[Task to complete]: Your copy should repeat the data that follows exactly and contain no image.

[Web page caption snippets]:
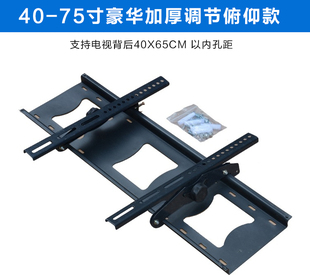 wH204b液晶电视挂件平板电视调角度通用挂架厂家直销量大从优204b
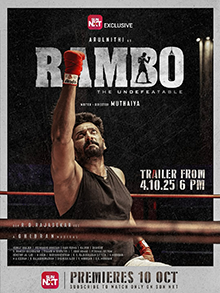 Rambo Movie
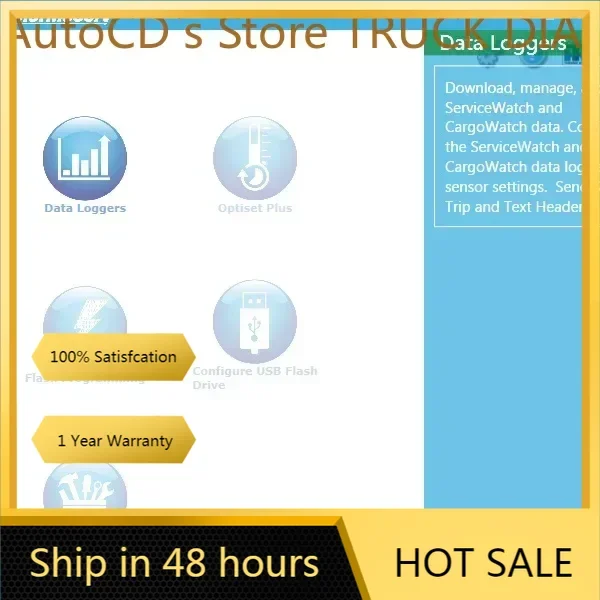 

AutoCD Thermo King ThermoServ 3.2 со вспышкой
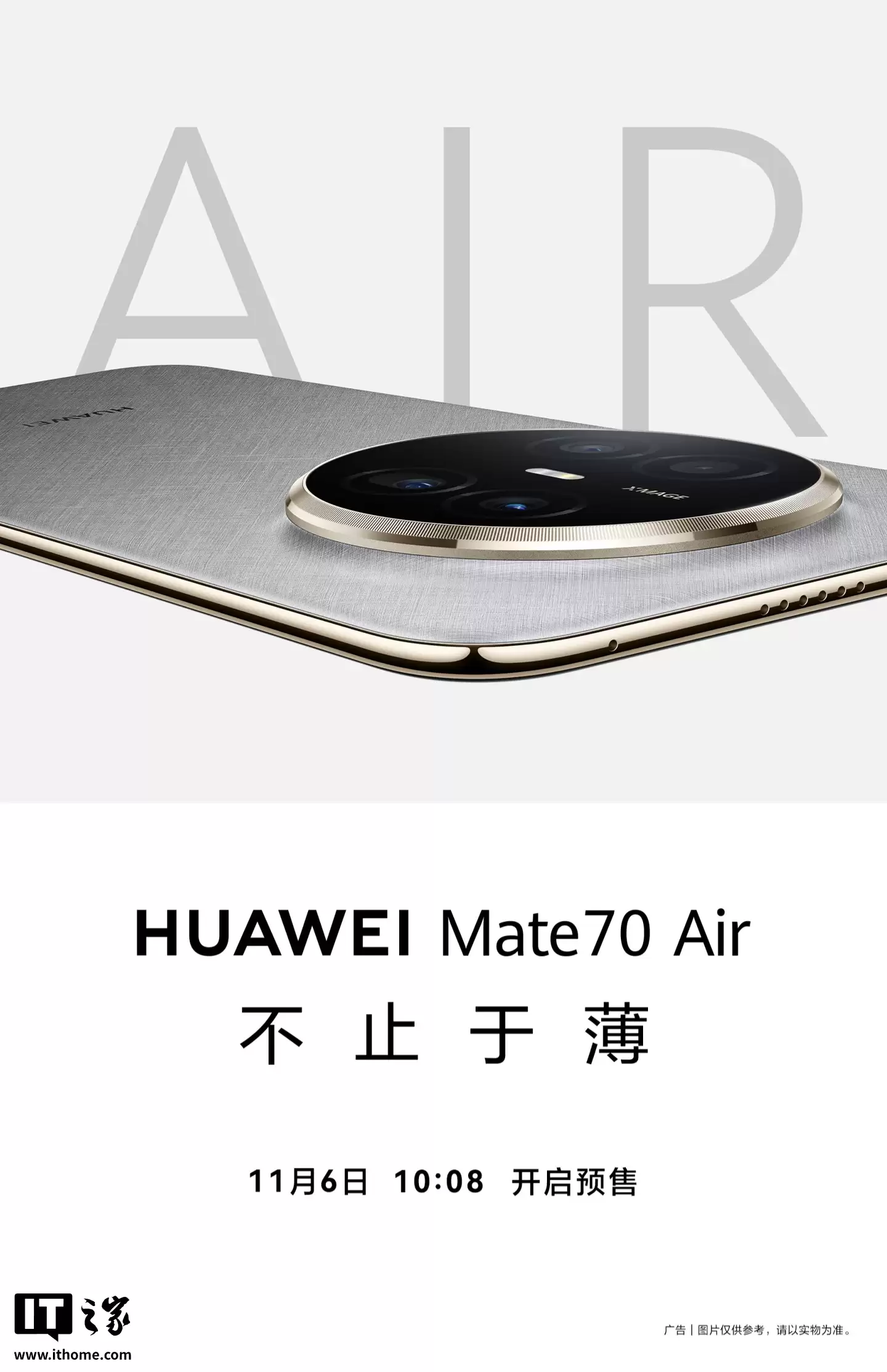 史上最薄 Mate:华为 Mate 70 Air 新机今日 10:08 开启预售
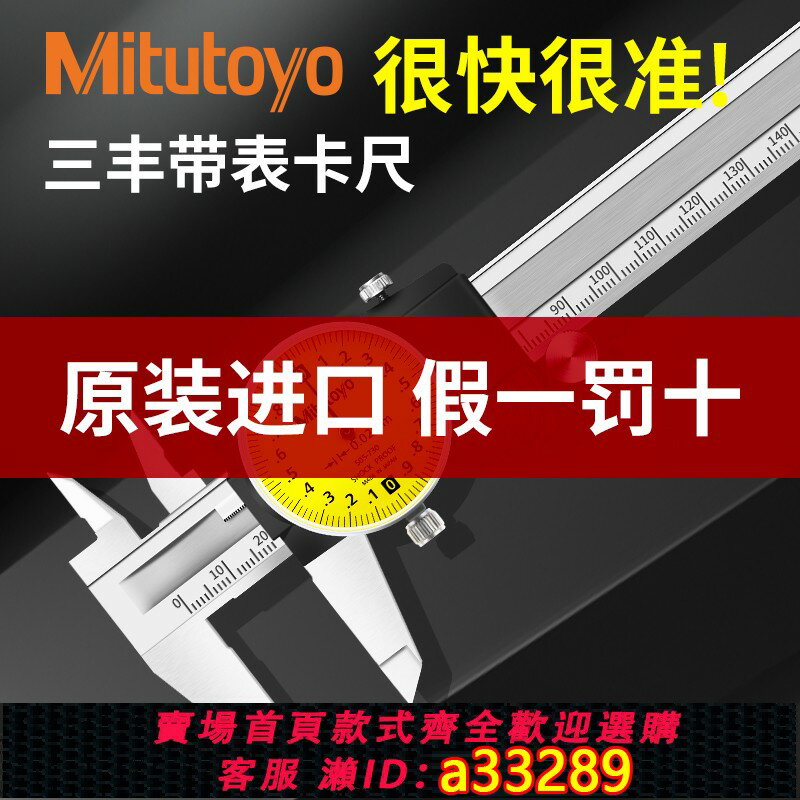 【臺灣公司 可開發票】日本三豐Mitutoyo帶表卡尺代表遊標 0-150-200 高精度505-730 732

[Answer for the task]:
 wH204b液晶电视挂件平板电视调角度通用挂架厂家直销量大从优204b
 Rambo Movie

AutoCD Thermo King ThermoServ 3.2 со вспышкой
 史上最薄 Mate:华为 Mate 70 Air 新机今日 10:08 开启预售
 【臺灣公司 可開發票】日本三豐Mitutoyo帶表卡尺代表遊標 0-150-200 高精度505-730 732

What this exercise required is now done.